The data →
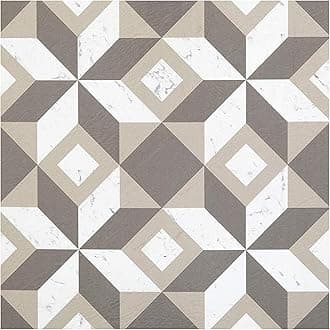 Retro Self Adhesive 12-Inch Vinyl Floor Tiles, 20 Tiles - 12" x 12", Prism Marble Pattern - Peel & Stick, DIY Flooring for Kitchen, Dining Room, Bedrooms & Bathrooms by Achim Home Decor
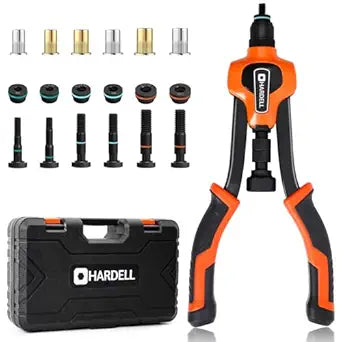 HARDELL Rivet Nut Tool Kit, 14" Rivnut Tool Kit with 80PCS Rivet Nuts, 6 Metric & Inch Mandrels M6, M8, M10, 1/4-20, 5/16-18, 3/8-16 and Rugged Carrying Case
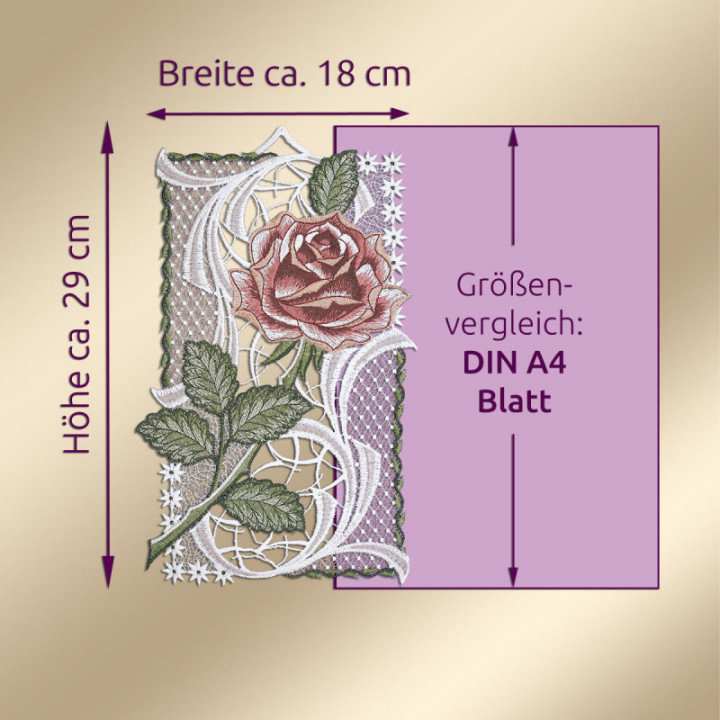 Fensterbild Rose Altrosa - Echte Vogtländische Spitze - 29x18 cm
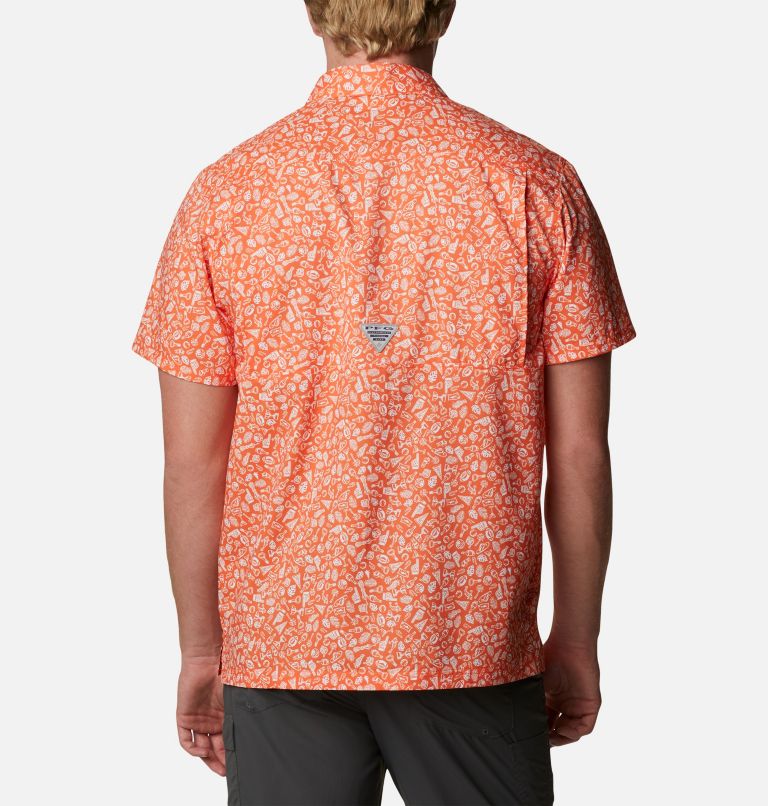 Thumbnail: CLG Super Slack Tide Shirt | 836 | L, Color: CLE - Spark Orange Micro Print, image 2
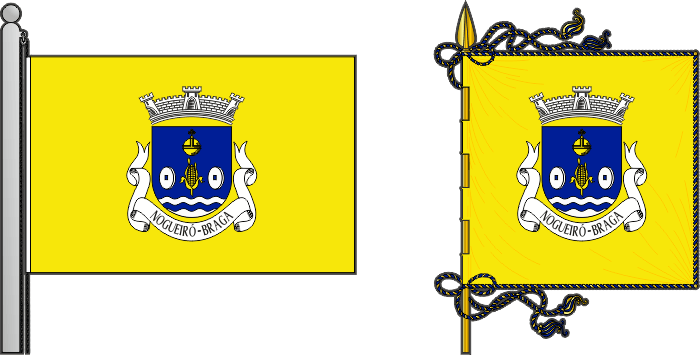 Bandeira e estandarte da antiga freguesia de Nogueiró - Nogueiró former civil parish, flag and banner Bandeira e estandarte da antiga freguesia de Nogueiró - Nogueiró former civil parish, flag and banner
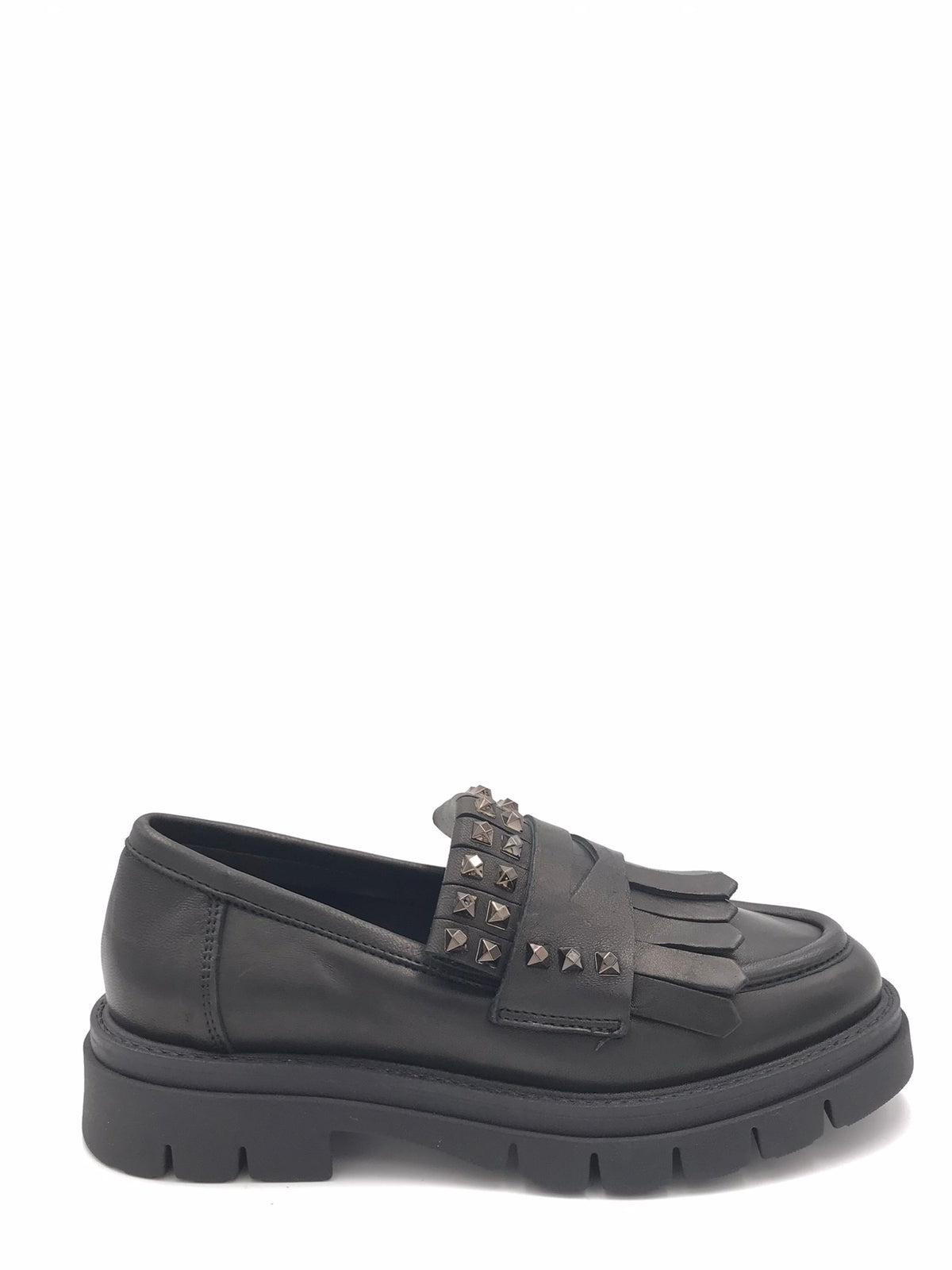 Mocassino Sidney nero con borchie PL4Y76 NERO ZULIAN 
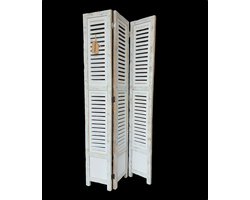 Raamscherm hout 118 cm landelijke shutter als raam scherm Ibiza White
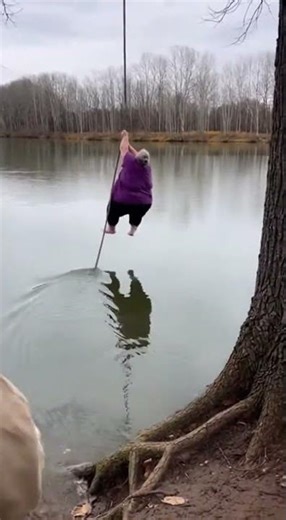 Woman Swings Over Lake On Rope Tied to Tree as The Tree Falls On Her #swing #outdoor #oldpeople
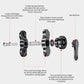 Black anti-theft clamp arm phone mount diagram with key and locking bolt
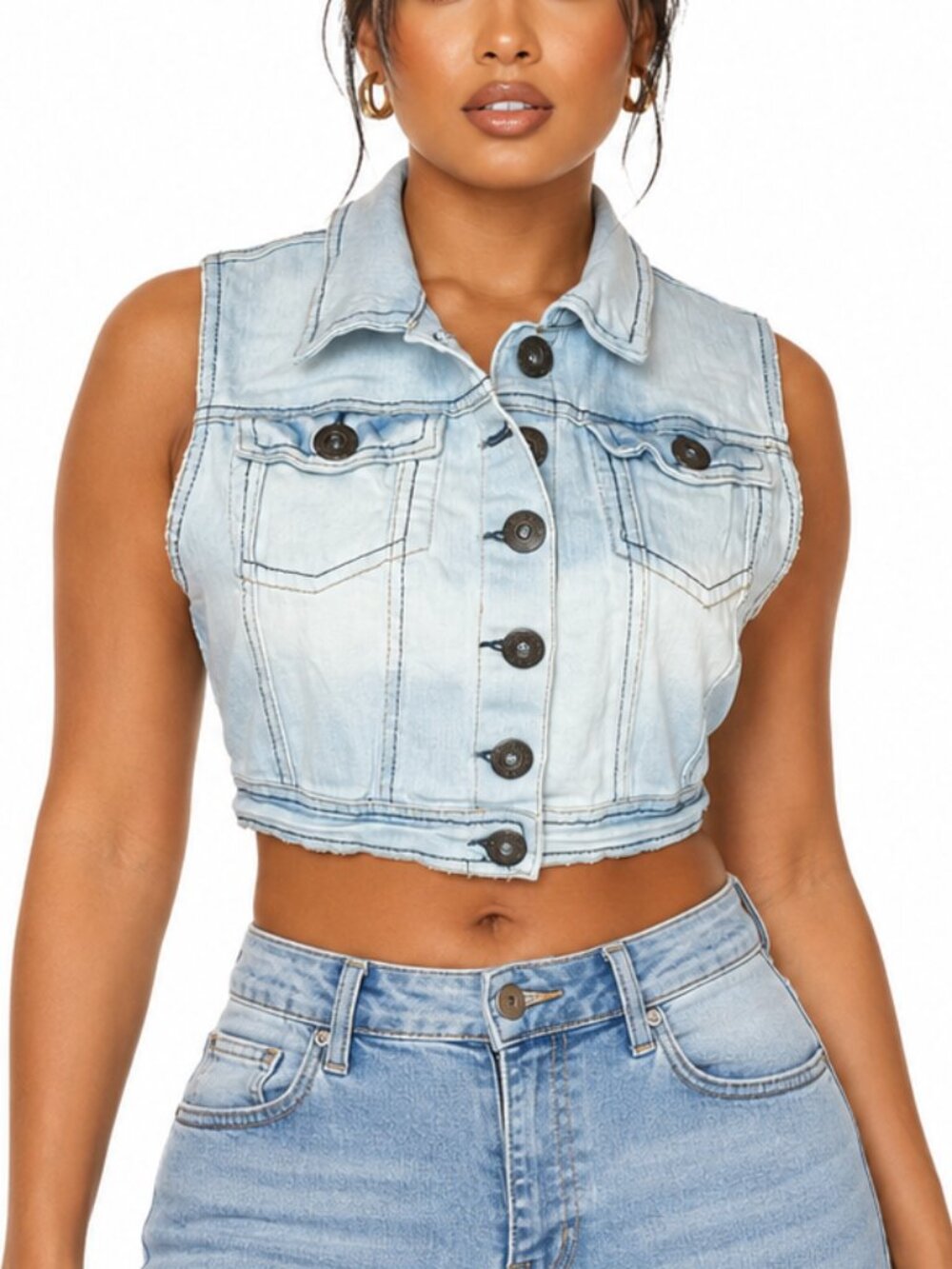 HIGHWAY JEANS Y2K Bleached Star Cropped Denim Vest Light Wash L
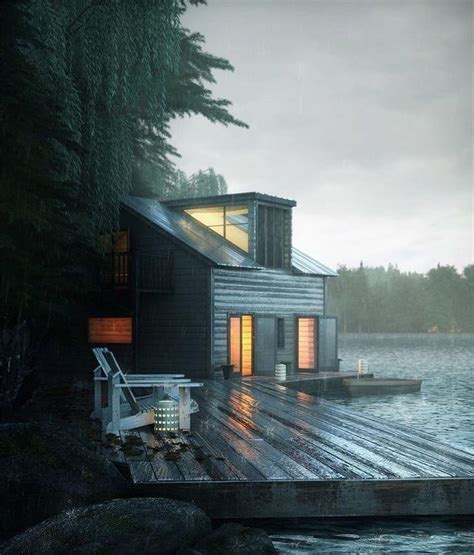 A Cozy Lake House During A Mid Evening Rain Photograph By Rodrigo Mila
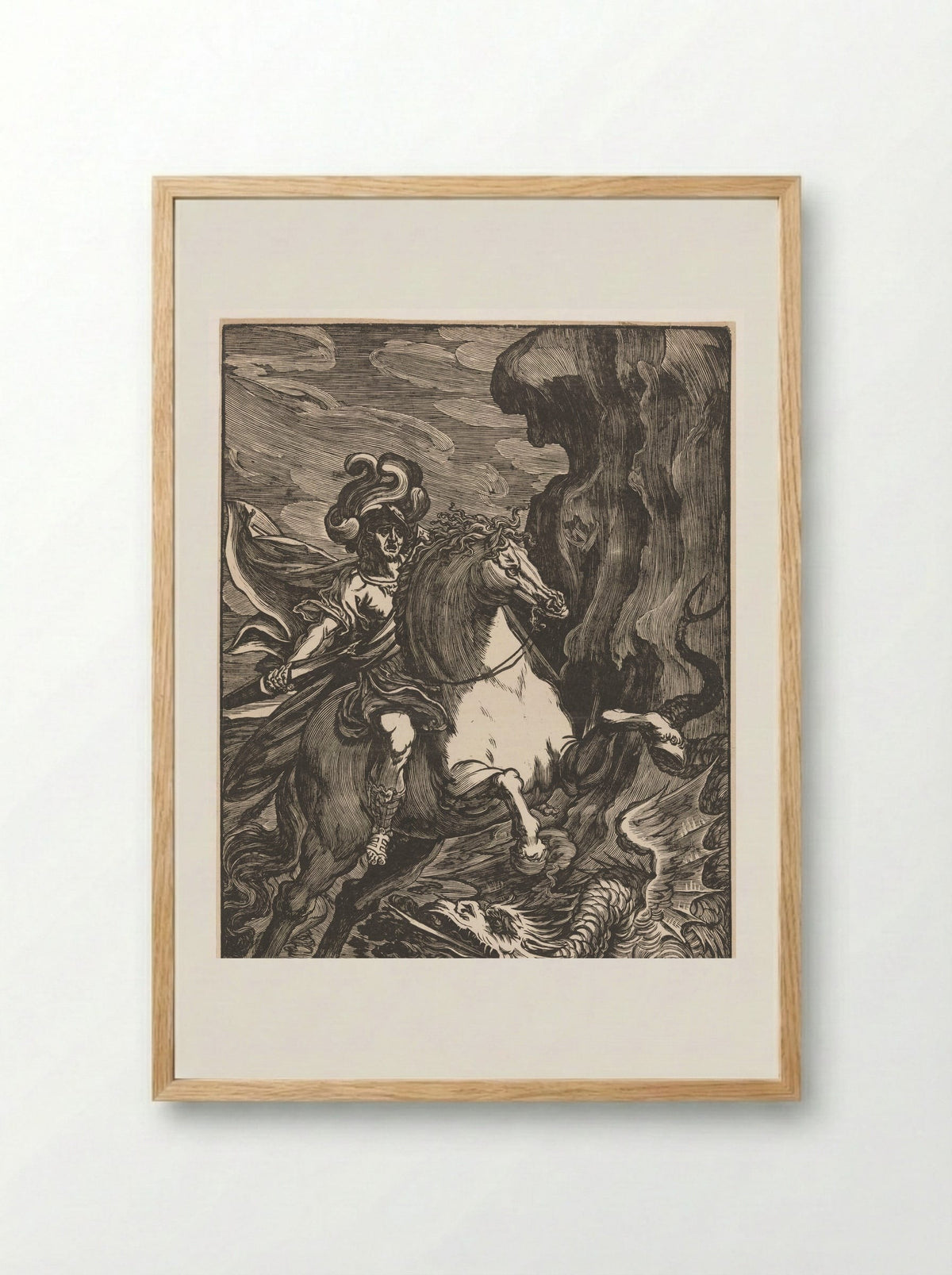 Saint George and the Dragon - Giuseppe Scolari - Framed Print Wood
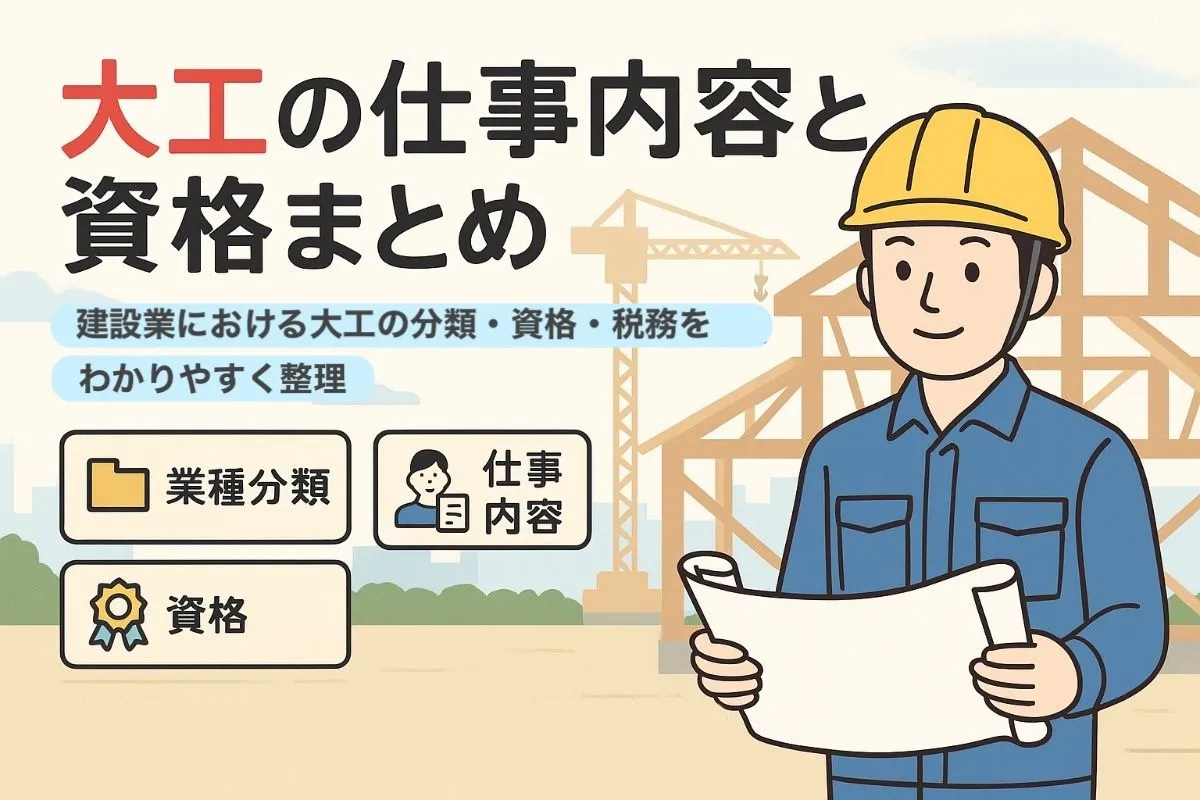 大工の業種分類と仕事内容の基礎知識｜建設業における資格や税務を総まとめ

About this exercise → Retype exactly the lines from the one containing "A Cozy Lake" through the last line of the records above, both included, and leave out any pictures.

Exercise solution →
 A Cozy Lake House During A Mid Evening Rain Photograph By Rodrigo Mila
 Saint George and the Dragon - Giuseppe Scolari - Framed Print Wood
 大工の業種分類と仕事内容の基礎知識｜建設業における資格や税務を総まとめ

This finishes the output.